Closed JoshOrndorff closed 4 years ago
I don't think this is specific to the linkchecker. Running curl
against the num-traits
crate returns a 404 for the same URL.
$ curl -I https://crates.io/crates/num-traits
HTTP/2 404
content-type: application/json; charset=utf-8
content-length: 35
server: nginx
date: Tue, 24 Mar 2020 02:45:06 GMT
set-cookie: cargo_session=sJIiNcfM9yvCHoGNENQaO8JrPoTF1c7xuZ6xe/LTieY=; HttpOnly; Secure; Path=/
strict-transport-security: max-age=31536000
via: 1.1 vegur, 1.1 6e19875b14d906dfd0ef8e65e8726f1d.cloudfront.net (CloudFront)

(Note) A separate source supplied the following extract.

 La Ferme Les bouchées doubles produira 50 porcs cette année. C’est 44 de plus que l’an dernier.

x-cache: Error from cloudfront
x-amz-cf-pop: PER50-C1
x-amz-cf-id: yBCN032584y1tHHrOzh9Er41QMS01bZ4OZ1IeCBJHpjwwlyH7Y2n9A==
age: 63
I have a feeling this is because crates.io is built using a JavaScript framework like ember or react. When you open it in your browser it'll fall back to /
and then the JS router will change the URL to /crates/num-traits
. The linkchecker essentially calls reqwest::get()
, so we don't run any JS.
This is probably related rust-lang/crates.io#788 (see https://github.com/rust-lang/rustc-dev-guide/pull/184#issuecomment-421537610).

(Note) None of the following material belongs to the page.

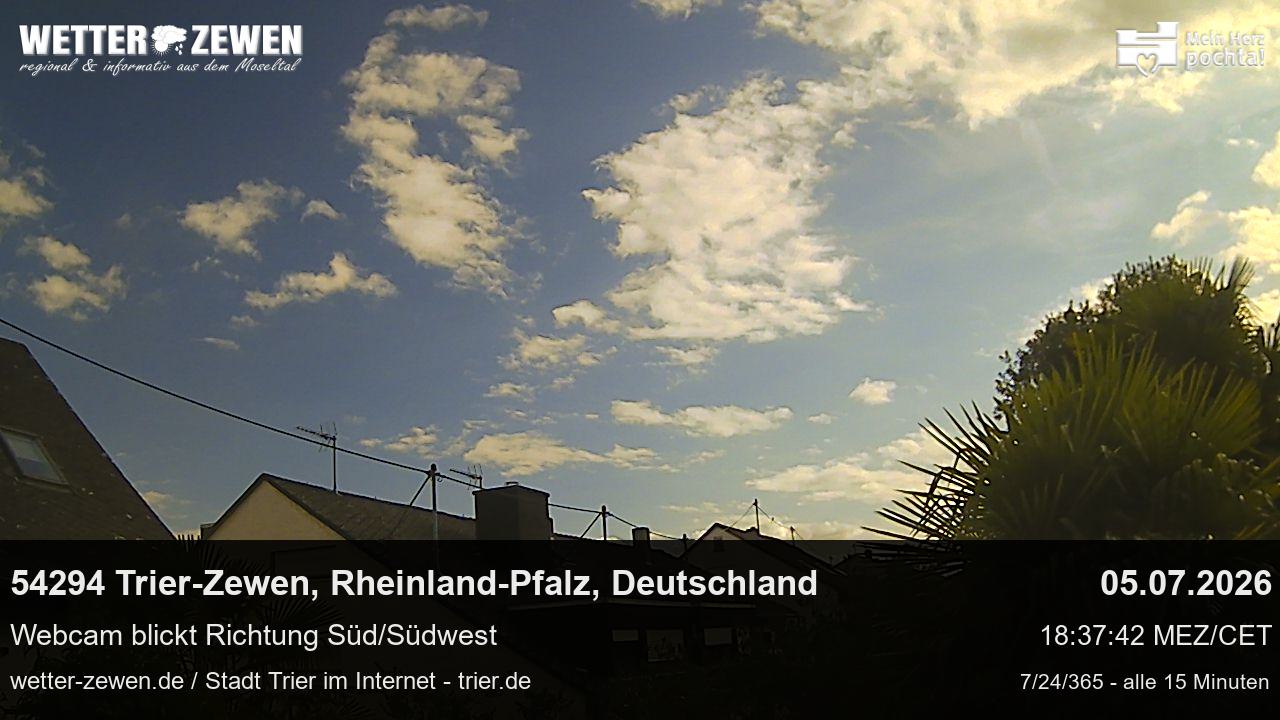 Bild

Yes, this is true for any crates.io
URL. We have explicitly blacklisted URLs to crates.io
in the rustc-dev-guide
.
Okay, guess not much to do here then. Thanks for the explanation.
I found a workaround for link-checking to crates.io
. Check docs.rs
instead:
Instead of
curl --head https://crates.io/crates/num-complex
Do:
curl --head https://docs.rs/num-complex/latest/num_complex/
I had the same problem with a couple of domains / websites and found a different GitHub Action that works for me for link checking: linkspector
It seems to do the checks with mocking up some kind of credible browser session, and then all the websites I currently have in there, give a proper response. Also, it checks internal MarkDown links correctly, and also offers to check links in other formats (like RestructuredText).
For the maintainer, maybe there are good ideas in there? Or this also solves your needs in a more general way? In any case, many thanks for your efforts on this linkchecker, it was very useful!
I use linkcheck for the Substrate Recipes. Thank you for the excellent backend.
So far I've encountered two links that regularly cause the link checker to fail, despite loading fine in a normal web browser. You can see the more recent occurence in this PR https://github.com/substrate-developer-hub/recipes/pull/180 And you can see that I've worked around the issue by adding the url to my exclude list.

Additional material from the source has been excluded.